[Stored data entries]
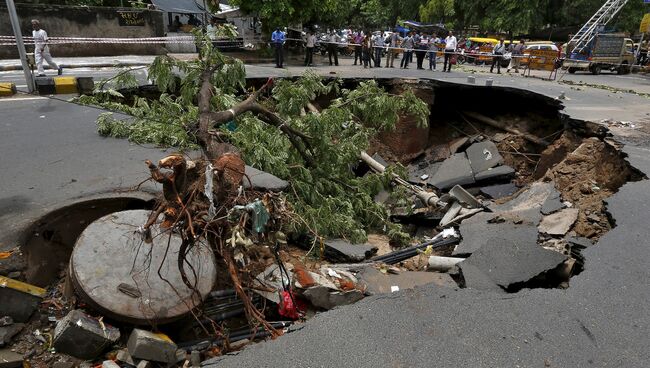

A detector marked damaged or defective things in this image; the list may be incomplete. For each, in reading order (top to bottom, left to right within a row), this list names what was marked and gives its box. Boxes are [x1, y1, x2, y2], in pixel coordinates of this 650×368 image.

broken concrete slab [243, 165, 288, 191]
broken concrete slab [428, 154, 474, 191]
broken concrete slab [466, 142, 502, 175]
broken concrete slab [474, 165, 512, 183]
broken concrete slab [478, 183, 520, 200]
broken concrete slab [540, 187, 564, 216]
broken concrete slab [450, 210, 536, 256]
broken concrete slab [536, 207, 576, 236]
broken concrete slab [322, 240, 378, 264]
broken concrete slab [458, 237, 564, 288]
broken concrete slab [354, 266, 456, 294]
broken concrete slab [300, 286, 362, 310]
broken concrete slab [0, 350, 22, 368]
broken concrete slab [0, 324, 23, 346]
broken concrete slab [53, 310, 120, 360]
broken concrete slab [126, 330, 177, 364]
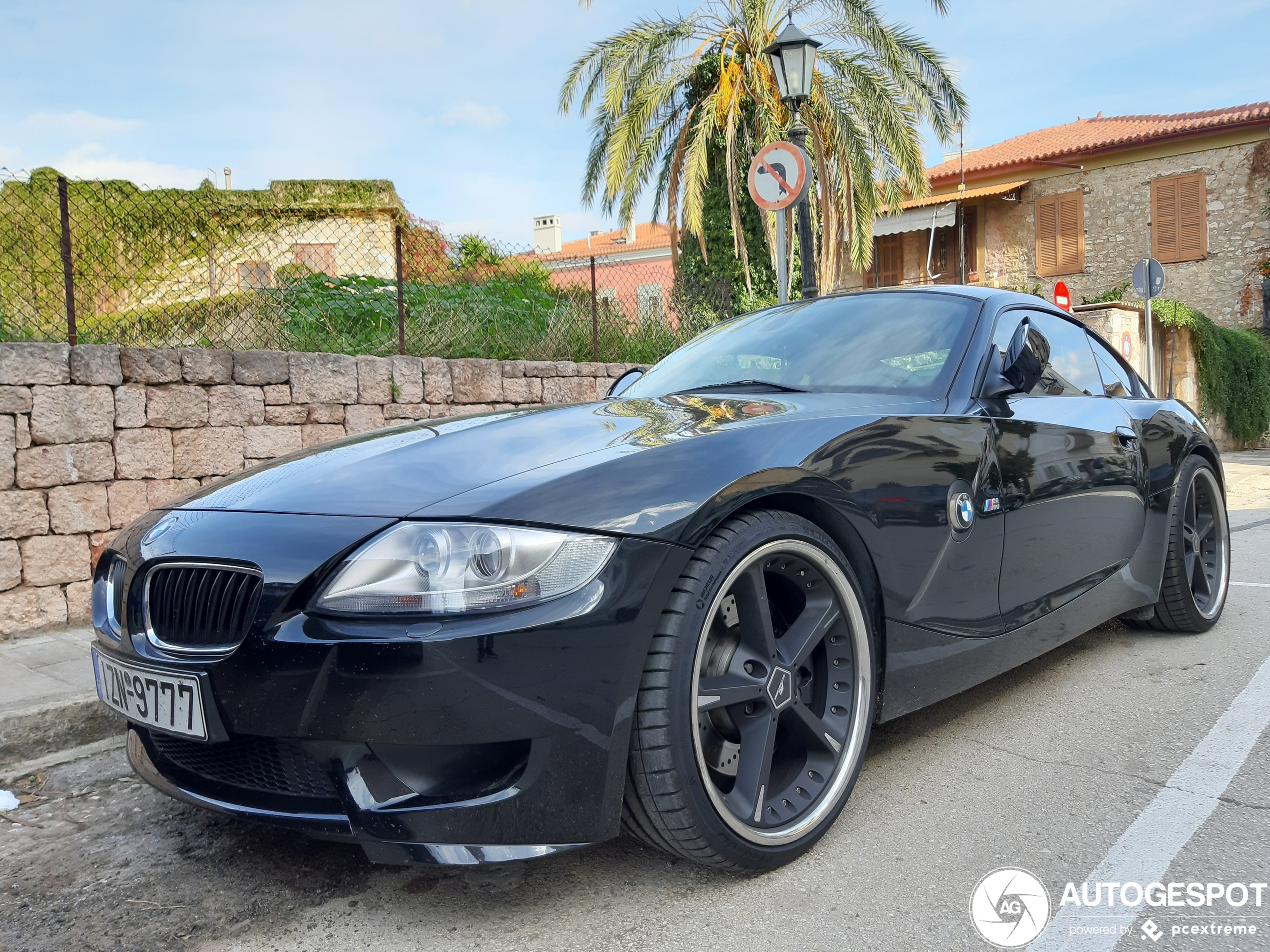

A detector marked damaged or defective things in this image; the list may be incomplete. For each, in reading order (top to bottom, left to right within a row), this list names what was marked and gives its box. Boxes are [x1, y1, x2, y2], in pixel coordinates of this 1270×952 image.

cracked pavement [2, 459, 1270, 949]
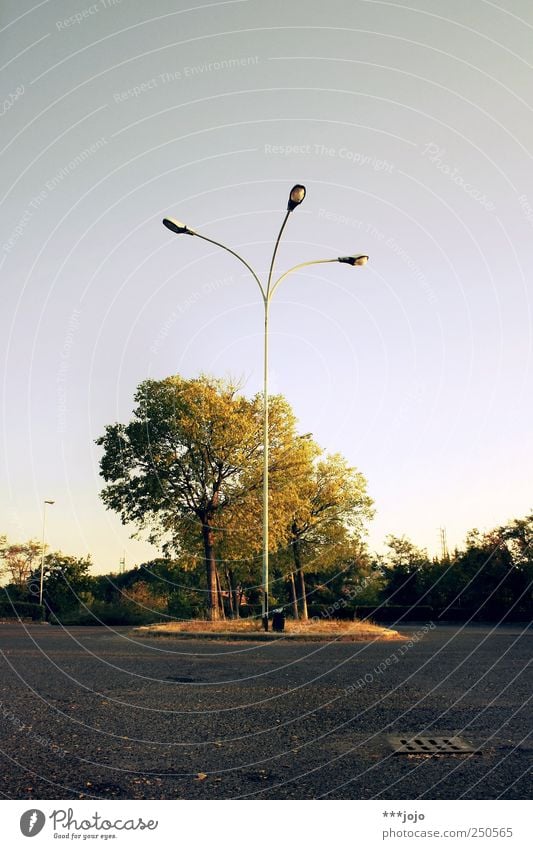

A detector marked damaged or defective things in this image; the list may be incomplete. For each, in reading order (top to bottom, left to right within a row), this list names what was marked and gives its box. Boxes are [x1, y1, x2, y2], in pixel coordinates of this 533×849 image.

cracked asphalt [0, 620, 528, 800]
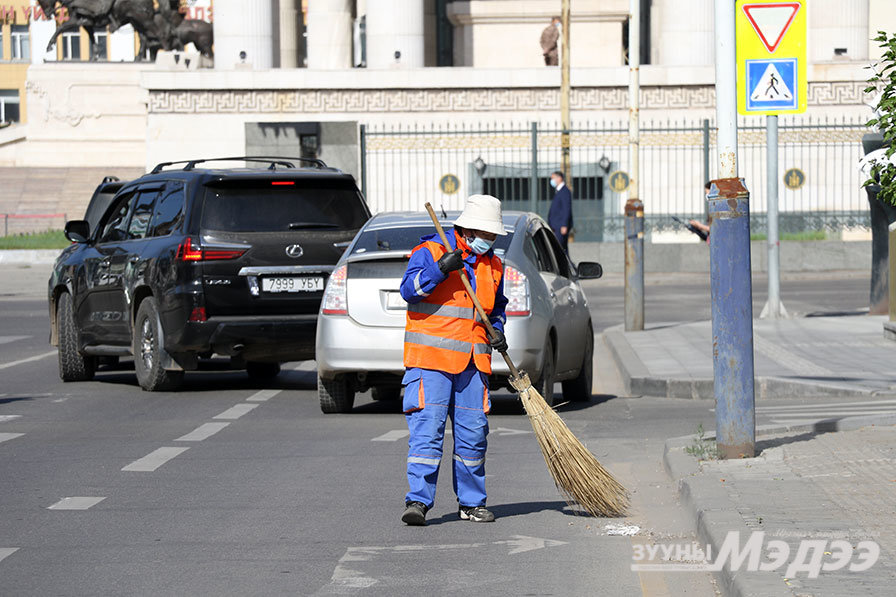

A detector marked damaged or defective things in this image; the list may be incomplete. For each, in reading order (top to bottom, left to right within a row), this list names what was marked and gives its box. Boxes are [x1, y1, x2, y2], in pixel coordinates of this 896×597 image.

rusty metal post [624, 199, 644, 330]
rusty metal post [712, 179, 752, 458]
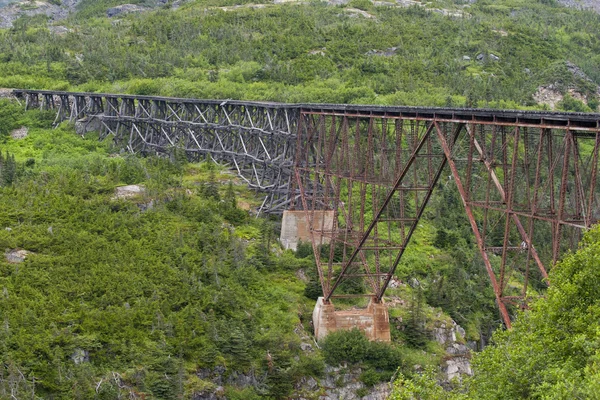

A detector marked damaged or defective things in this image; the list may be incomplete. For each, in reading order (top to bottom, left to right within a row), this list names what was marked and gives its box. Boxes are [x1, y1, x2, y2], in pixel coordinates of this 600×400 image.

rusted steel truss [15, 89, 300, 214]
rusted steel truss [12, 90, 600, 324]
rusty red steel tower [14, 90, 600, 328]
rusty red steel tower [296, 104, 600, 326]
rusted steel truss [296, 107, 600, 328]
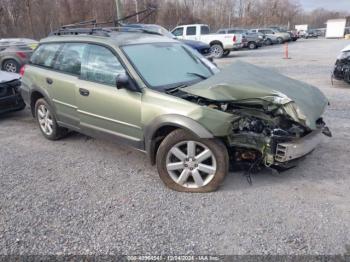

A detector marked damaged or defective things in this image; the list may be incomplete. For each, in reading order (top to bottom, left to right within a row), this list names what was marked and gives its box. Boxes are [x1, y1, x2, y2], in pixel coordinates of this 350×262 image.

crumpled hood [185, 61, 330, 131]
damaged bumper [274, 129, 322, 164]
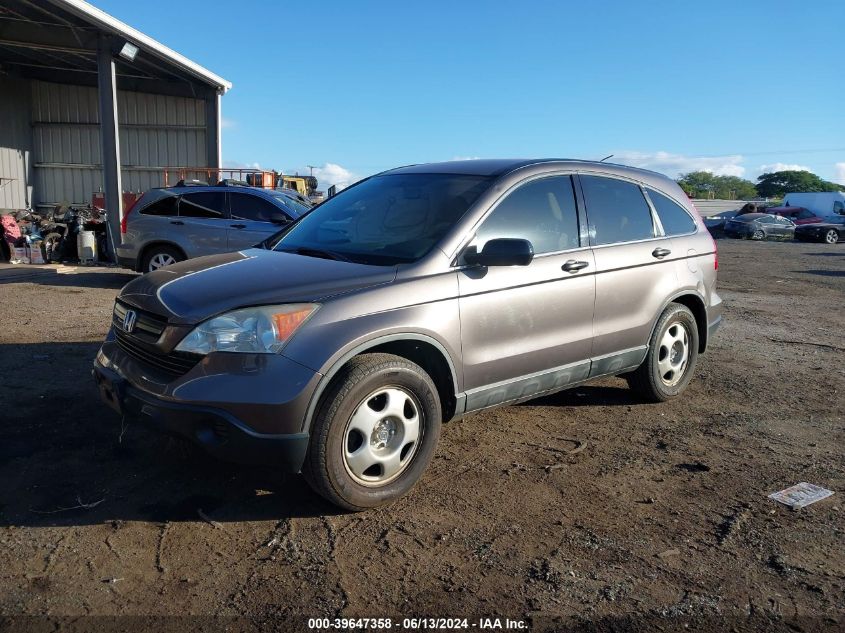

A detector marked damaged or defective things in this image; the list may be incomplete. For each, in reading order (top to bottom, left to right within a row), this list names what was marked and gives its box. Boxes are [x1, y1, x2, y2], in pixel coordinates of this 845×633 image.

damaged vehicle [95, 158, 724, 508]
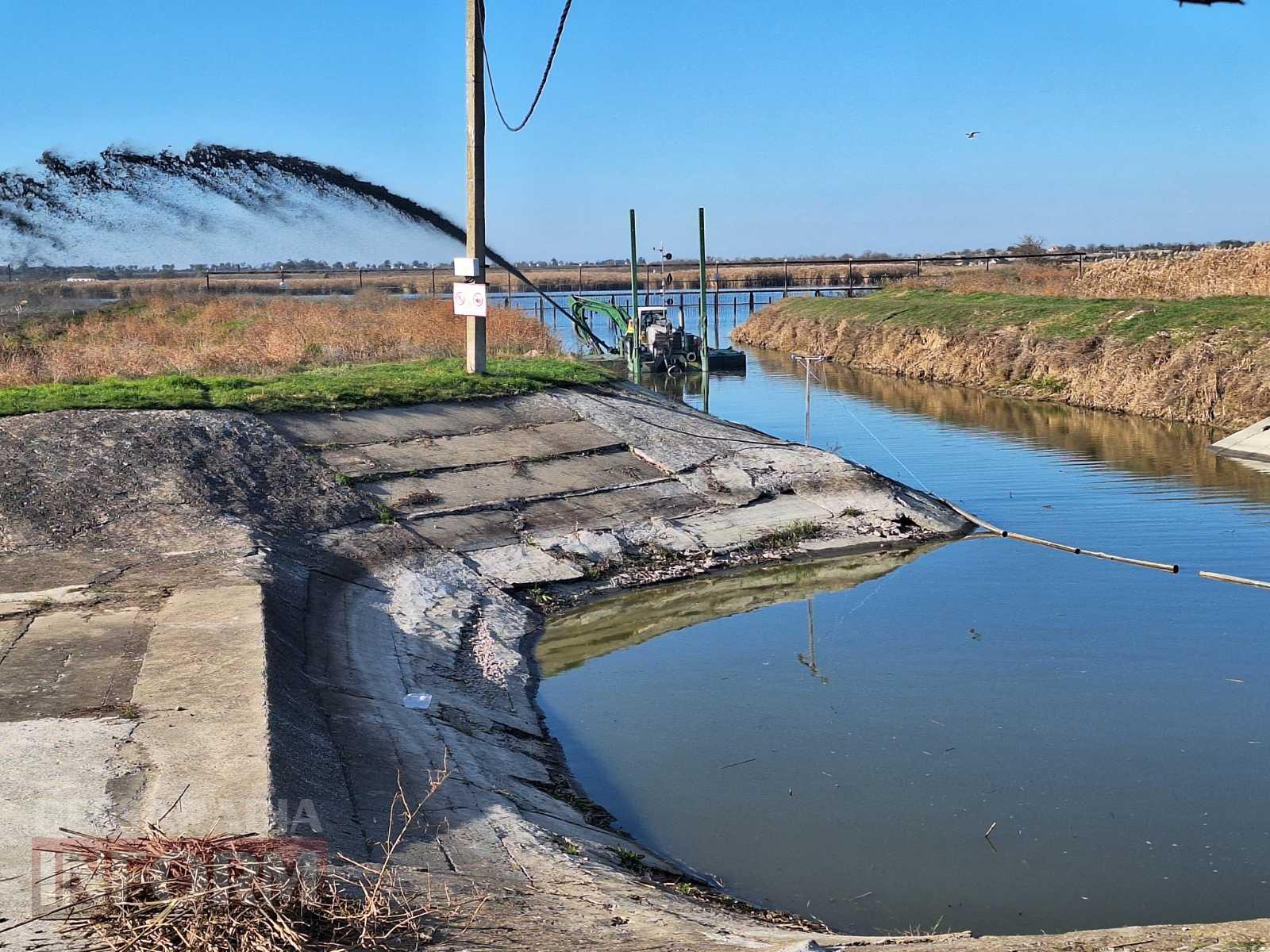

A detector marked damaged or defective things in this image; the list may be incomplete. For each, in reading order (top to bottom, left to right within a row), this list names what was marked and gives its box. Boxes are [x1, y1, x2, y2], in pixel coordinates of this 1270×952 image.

cracked concrete slab [267, 396, 576, 451]
cracked concrete slab [320, 424, 622, 485]
cracked concrete slab [365, 451, 670, 517]
cracked concrete slab [464, 543, 587, 589]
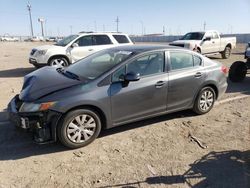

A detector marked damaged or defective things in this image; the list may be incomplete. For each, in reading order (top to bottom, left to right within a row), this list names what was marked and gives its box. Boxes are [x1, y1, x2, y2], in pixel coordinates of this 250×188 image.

damaged front end [8, 94, 62, 143]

- [WORK REQUEST] Reply with an exact copy of the lines running from the one containing "this 250×188 image." through the end of the entries above, both ends included.

- [ANSWER BOX]
A detector marked damaged or defective things in this image; the list may be incomplete. For each, in reading order (top to bottom, left to right within a row), this list names what was marked and gives its box. Boxes are [x1, y1, x2, y2], in pixel coordinates of this 250×188 image.

damaged front end [8, 94, 62, 143]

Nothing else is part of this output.